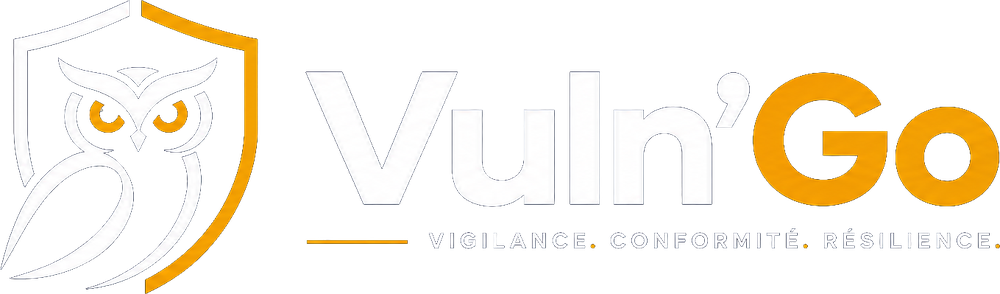 Vuln'Go — Vigilance. Conformité. Résilience.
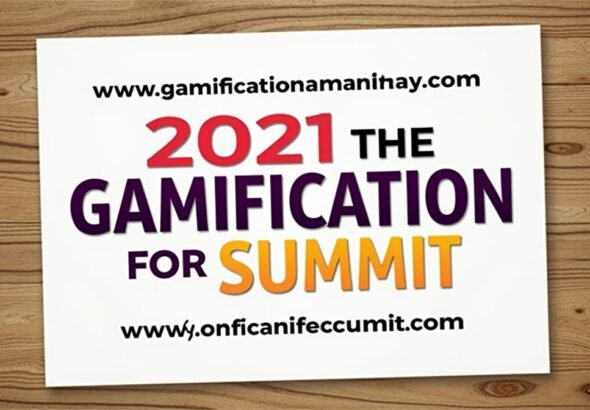 tickets 2021 websites for gamificationsummit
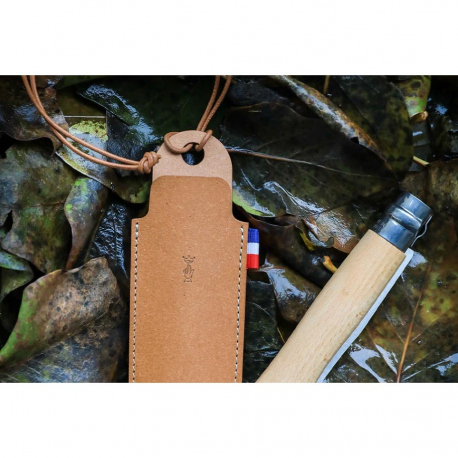 Pouches - Sheath Opinel France Scabbard Sheath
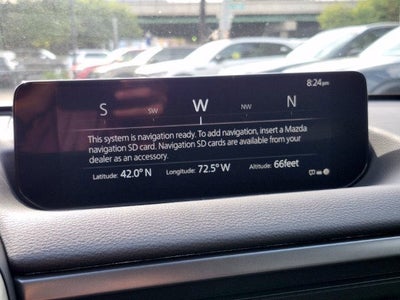 2026 Mazda Mazda CX-50 Hybrid Premium AWD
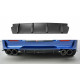Body kit and visual accessories Rear diffuser ALFA ROMEO 156 GTA SW | races-shop.com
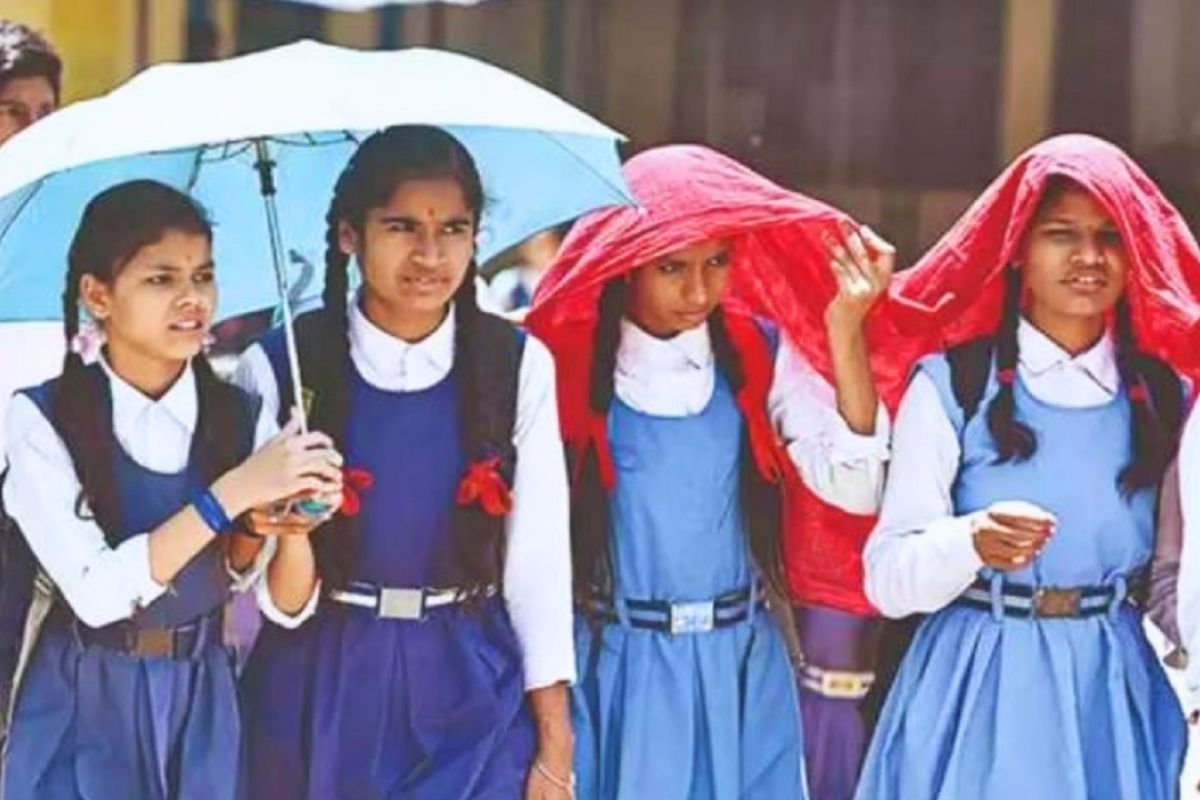 patna school timing| Patna School Timing: School timings changed in Patna due to heat wave, see new time table here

[Assigned task]
Exact repetition of the data is needed, with no images retained.

[Result for this exercise]
 Vuln'Go — Vigilance. Conformité. Résilience.
 tickets 2021 websites for gamificationsummit
 Pouches - Sheath Opinel France Scabbard Sheath
 2026 Mazda Mazda CX-50 Hybrid Premium AWD
Body kit and visual accessories Rear diffuser ALFA ROMEO 156 GTA SW | races-shop.com
 patna school timing| Patna School Timing: School timings changed in Patna due to heat wave, see new time table here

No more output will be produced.